Springer Online Journal Archives 1860-2000
Agriculture, Forestry, Horticulture, Fishery, Domestic Science, Nutrition
Abstract Recent findings have highlighted the possibility of increased fluoride (F) concentrations in herbage through F taken up from soil via the plant root. This paper aimed to assess the risk of F concentrations reaching phytotoxic or zootoxic concentrations in pasture plants. Five plant species commonly found in improved pastures in Australia, the sown species subterranean clover (Trifolium subterranean) and cocksfoot (Dactylis glomerata), and weeds barley grass (Hordeum leporinum), scotch thistle (Onopordum acanthium) and sorrel (Rumex acetosella) were grown in complete nutrient solutions with graded levels of added F to determine the effects of F− activity in solution on phytotoxicity and uptake of F by their roots.
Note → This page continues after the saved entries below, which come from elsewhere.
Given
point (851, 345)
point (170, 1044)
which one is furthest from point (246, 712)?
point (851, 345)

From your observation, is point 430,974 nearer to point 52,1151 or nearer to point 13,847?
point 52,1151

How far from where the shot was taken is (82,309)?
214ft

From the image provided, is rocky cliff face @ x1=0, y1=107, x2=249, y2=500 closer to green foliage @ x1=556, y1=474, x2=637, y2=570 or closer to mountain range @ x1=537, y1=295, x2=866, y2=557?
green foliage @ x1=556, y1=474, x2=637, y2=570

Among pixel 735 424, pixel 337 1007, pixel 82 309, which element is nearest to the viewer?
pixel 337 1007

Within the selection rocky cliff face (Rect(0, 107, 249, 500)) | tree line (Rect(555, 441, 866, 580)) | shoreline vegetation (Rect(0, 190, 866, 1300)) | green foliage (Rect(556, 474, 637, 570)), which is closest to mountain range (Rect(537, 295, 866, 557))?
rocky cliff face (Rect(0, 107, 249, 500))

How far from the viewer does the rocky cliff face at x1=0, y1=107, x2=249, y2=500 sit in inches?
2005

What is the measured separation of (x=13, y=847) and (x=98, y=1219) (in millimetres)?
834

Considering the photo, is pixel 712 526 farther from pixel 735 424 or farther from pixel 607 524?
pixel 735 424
A model was developed using data from these solution culture experiments and data from the literature. The model assessed uptake of F by plants grown over a range of soil pH values and determined the risk of F taken up through the plant roots reaching phytotoxic concentrations, or concentrations potentially injurious to grazing animals, in the plant shoots. Modelling data suggested that the plants studied would not accumulate phytotoxic concentrations of F in shoots or concentrations of F deleterious to grazing animals through root uptake in neutral pH agricultural soils. The risks from F addition to soils in phosphatic fertilisers leading to reduction in pasture growth or animal health are therefore low. However, in highly F-polluted soil, as the soil becomes more acidic or alkaline, the risk of zootoxic concentrations of F in shoots of plants would increase.